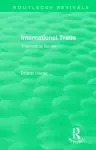 Routledge Revivals: International Trade (1986) cover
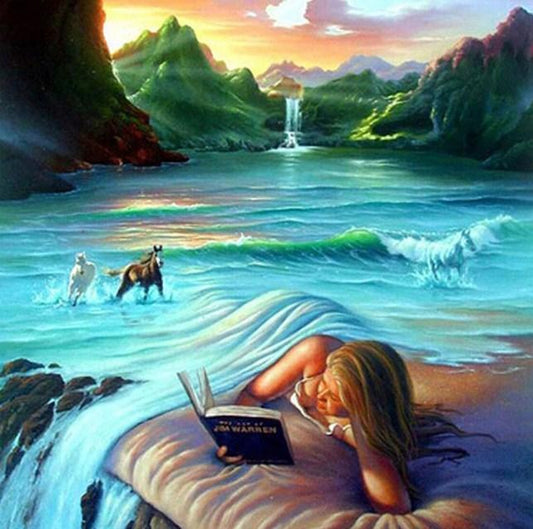 Fantasy-Kunst von Jim Warren - Diamond Painting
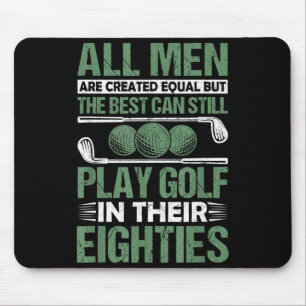 Alfombrilla De Ratón Camiseta Hombres Cumpleaños Golf Todos Iguales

────────────────────────────────────────

# [Exercise directions]
In full and without changes, repeat the listing above, but not its pictures.

# [Response area]
 Routledge Revivals: International Trade (1986) cover
 Fantasy-Kunst von Jim Warren - Diamond Painting
 Alfombrilla De Ratón Camiseta Hombres Cumpleaños Golf Todos Iguales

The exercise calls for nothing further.